For all that can be said about the deficiencies plaguing the on-court product, the front office hasn't fared much better. For the league's elite teams, there has been a proven way to build a roster, and the Raptors haven't done anything close to it.
The NBA's two most recent champions reached the league's pinnacle in surprisingly similar ways. The Celtics and Lakers each had a perimeter star in his prime (Paul Pierce and Kobe Bryant, respectively), but each lacked a big-time post player to be a secondary scorer and to anchor the defense Boston was able to use an armory of trade pieces (Al Jefferson, an approximately $13 million expiring contract, and two first-round picks) to acquire Kevin Garnett, who became the 2008 Defensive Player of the Year as the team romped to 66 wins and never looked back.

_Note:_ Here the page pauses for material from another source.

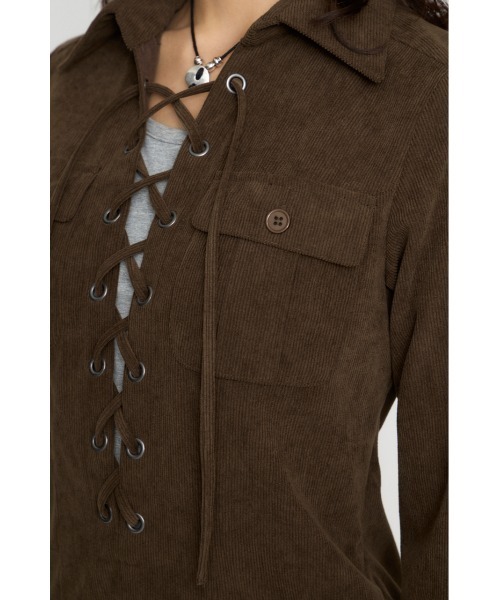 LAGUA GEM(ラグアジェム)の「LACE UP CORDUROY ミニワンピース(ワンピース・レディース・ブラック/ブラウン・SMALL/MEDIUM)」の13枚目の写真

During that season, Los Angeles traded the rights to Marc Gasol, an approximately $9 million expiring contract in Kwame Brown, and two first-round picks for Pau Gasol. Since then, the Lakers have won the 2008 Western Conference Finals and the 2009 Finals, and are currently the top team in the West. While the Celtics gave more for Garnett, commensurate with the future Hall of Famer's higher trade value at the time, the trades are uncannily similar. Indeed, the Pistons' 2004 pickup of Rasheed Wallace en route to their championship that season followed roughly the same pattern – the team traded expiring contracts and a first-round pick.
For those wanting the Raptors to become a contender, or wondering why marquee franchises land the Garnetts and Gasols of the world while the Raptors don't, look no further than the accumulated asset bank. Danny Ainge had spent his tenure as general manager tirelessly seeking draft picks and young talent in order to have the kind of stockpile that would allow for such a trade. Even in a trade as maligned as the one that sent Shaq to Miami, the Lakers managed to win back a first-round pick, along with two young players in Caron Butler and Lamar Odom. One of the picks in the Garnett deal, ironically enough, was a pick that Minnesota had given Boston in a prior trade between the teams.
The trend is that in order to have the vaults of picks necessary to pry a disgruntled star from a rebuilding team, those picks have to be acquired in the first place. The Raptors, conversely, have a history not of obtaining extra draft picks, but of trading them away.
Due to being left with draft pick debt that cost the team its first-rounder in 2007, and then his decision to ship the 2008 pick in the T.J. Ford/Jermaine O'Neal trade, Bryan Colangelo will be making only his third first-round selection this coming June despite having been with the team since 2006. Had the Raptors made the playoffs, their pick would have reverted to the Heat, the consequence of Colangelo's inclusion of it in the Jermaine O'Neal/Shawn Marion trade.
What was essentially two first-round picks to turn T.J. Ford into Shawn Marion became disastrous, as the team used its new-found opportunity to land Hedo Turkoglu for $53 million over five years. Turkoglu's contract has emerged as a noose for the team, while his on-court production has suffered considerably. Even though it would be tempting to trade a pick or two as enticement for a team to pick up Turkoglu's contract, the team would be back into pick debt. Even a basic contract dump would be virtually impossible at this point, let alone a deal that could convert Raptor futures into a promising present.
Even more disconcerting is that the Raptors haven't historically been in the market for extra picks. In the 2001 trade that sent Corliss Williamson and scraps to Detroit for Jerome Williams and Eric Montross, for example, the Raptors were the team giving up the draft pick despite also trading the best player in the deal. While the spirit behind gaining Lamond Murray the following year was admirable, the Raptors yet again traded a first-round pick in the exchange.
Only the Damon Stoudamire for Kenny Anderson and Alvin Williams trade, in which the Raptors received two first-rounders and a second-rounder, really stands out among the heap. That trade, of course, was all the way back in 1998.
The soon-to-be-expiring contracts of Reggie Evans ($5,080,000) and Marcus Banks ($4,847,586) allow for a little more hope, but not much. Of the many types of players the Raptors have traded during their 15-year history – the sulking star, the over-the-hill pint-sized point man, the overpaid benchwarmer – the expiring contract has not typically been one of them.
A long line of talented expiring Raptors, from Donyell Marshall to Mike James to Morris Peterson, each could have fetched something of note in a trade. Naturally, the Raptors let all of them walk without receiving anything in return... not even, say, a low first-round pick.